Я нагнулась над Таней, ослабила ей пояс и выжала в приоткрытый рот сок из апельсина, который припасла себе на обед. Лицо Тани побелело, лоб покрылся испариной. У неё был настолько больной вид, что даже начальник понял, что она не симулирует. Он разрешил Тане уйти. «Я пойду с ней, — заявила я, — можете вычесть из моего жалованья за пропущенное время». «Катись к чёрту, сумасшедшая!» — бросил он мне вслед.

Мы пошли в кафе. Я сама была голодна и в полуобморочном состоянии, но у нас было лишь семьдесят пять центов на двоих. Мы решили потратить сорок центов на еду, а на остаток съездить на конке в парк. Там, на свежем воздухе, среди цветов и деревьев мы забыли о ненавистных нормах выработки. Так нервно начинавшийся день закончился спокойно и мирно.

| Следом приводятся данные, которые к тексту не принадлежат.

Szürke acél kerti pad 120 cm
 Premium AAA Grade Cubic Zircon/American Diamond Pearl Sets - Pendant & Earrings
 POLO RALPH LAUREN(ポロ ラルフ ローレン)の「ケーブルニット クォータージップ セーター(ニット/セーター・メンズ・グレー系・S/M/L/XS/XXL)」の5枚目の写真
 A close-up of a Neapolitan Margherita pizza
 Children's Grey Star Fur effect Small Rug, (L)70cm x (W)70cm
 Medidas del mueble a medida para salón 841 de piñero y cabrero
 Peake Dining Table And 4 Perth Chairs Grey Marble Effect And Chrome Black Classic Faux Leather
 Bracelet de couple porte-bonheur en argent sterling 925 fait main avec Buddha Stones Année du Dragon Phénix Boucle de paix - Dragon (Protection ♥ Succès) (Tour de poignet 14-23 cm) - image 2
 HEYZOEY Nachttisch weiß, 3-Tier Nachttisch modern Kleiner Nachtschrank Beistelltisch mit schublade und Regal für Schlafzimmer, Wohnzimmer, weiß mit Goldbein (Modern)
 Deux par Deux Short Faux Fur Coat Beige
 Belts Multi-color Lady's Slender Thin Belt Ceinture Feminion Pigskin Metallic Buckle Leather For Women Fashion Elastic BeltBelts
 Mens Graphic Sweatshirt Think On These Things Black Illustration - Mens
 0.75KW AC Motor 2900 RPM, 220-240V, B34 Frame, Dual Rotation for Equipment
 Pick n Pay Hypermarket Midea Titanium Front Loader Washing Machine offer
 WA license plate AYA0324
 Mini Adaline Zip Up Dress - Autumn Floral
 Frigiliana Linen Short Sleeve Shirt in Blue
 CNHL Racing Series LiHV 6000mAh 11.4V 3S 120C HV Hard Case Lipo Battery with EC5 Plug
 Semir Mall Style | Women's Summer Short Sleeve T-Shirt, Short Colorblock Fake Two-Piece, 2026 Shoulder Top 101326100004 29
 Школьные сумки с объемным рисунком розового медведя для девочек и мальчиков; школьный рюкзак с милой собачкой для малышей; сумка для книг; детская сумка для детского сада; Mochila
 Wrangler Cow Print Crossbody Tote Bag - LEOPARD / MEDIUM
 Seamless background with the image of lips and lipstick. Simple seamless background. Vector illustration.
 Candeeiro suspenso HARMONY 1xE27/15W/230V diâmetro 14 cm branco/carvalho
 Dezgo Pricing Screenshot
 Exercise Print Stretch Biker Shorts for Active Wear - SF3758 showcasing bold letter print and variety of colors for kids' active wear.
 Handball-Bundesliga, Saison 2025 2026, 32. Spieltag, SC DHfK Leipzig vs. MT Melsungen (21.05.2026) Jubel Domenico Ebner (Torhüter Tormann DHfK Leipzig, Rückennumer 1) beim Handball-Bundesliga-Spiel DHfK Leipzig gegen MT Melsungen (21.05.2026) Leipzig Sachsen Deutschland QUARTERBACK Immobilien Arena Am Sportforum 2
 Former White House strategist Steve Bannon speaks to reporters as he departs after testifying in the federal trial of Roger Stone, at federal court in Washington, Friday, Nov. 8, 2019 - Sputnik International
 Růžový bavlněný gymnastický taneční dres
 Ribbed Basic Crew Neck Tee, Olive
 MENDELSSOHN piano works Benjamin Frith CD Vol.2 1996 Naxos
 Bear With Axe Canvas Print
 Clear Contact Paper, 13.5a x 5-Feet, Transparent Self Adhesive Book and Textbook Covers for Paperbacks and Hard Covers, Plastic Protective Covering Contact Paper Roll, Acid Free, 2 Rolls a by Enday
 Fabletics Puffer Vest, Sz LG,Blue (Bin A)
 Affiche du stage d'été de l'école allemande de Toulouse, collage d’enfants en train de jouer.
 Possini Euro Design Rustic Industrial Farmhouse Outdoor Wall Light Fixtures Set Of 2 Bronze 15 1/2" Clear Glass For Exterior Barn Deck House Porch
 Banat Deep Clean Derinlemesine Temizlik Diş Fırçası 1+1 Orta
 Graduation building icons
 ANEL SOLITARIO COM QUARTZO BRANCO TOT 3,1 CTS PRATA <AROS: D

На следующее утро снова началась изматывающая, бесконечная рутина. Её несколько всколыхнуло лишь прибавление в нашем семействе — родилась девочка. Ребёнок стал единственным интересом моего тоскливого существования. Часто, когда обстановка на фабрике Гарсона грозила окончательно лишить меня присутствия духа, мысль о прелестной малютке дома могла вернуть мне силы. Вечера перестали быть унылыми и пустыми. Но маленькая Стелла, хоть и принесла радость в дом, всё же добавила денежных забот моим сестре и зятю.

Лина ничем и никогда не намекала, что полутора долларов, которые я отдавала ей за еду (проезд обходился в шестьдесят центов в неделю, а остальные сорок оставались мне на карманные расходы), не хватало на моё содержание. Но я узнала об увеличении расходов по дому, как-то нечаянно услышав ворчание зятя. Я понимала, что он прав, и не хотела расстраивать сестру — ведь она ухаживала за ребёнком. Я решила добиться прибавки к жалованью. Понимая, что с мастером говорить бесполезно, я попросила встречи с господином Гарсоном.

Меня ввели в роскошно обставленную контору. На столе я увидела розы «американская красавица». Я часто любовалась ими в витринах цветочных лавок, а однажды, не в силах противостоять искушению, зашла спросить цену. Они стоили по полтора доллара за штуку — больше половины моего недельного заработка. А прекрасная ваза в конторе господина Гарсона вмещала множество этих роз.

Сесть мне не предложили. На мгновение я забыла, зачем пришла: так заворожили меня прекрасная комната, розы, ароматный голубоватый дымок сигары господина Гарсона. Но я вернулась в реальность, услышав вопрос начальника: «Ну, что я могу для вас сделать?»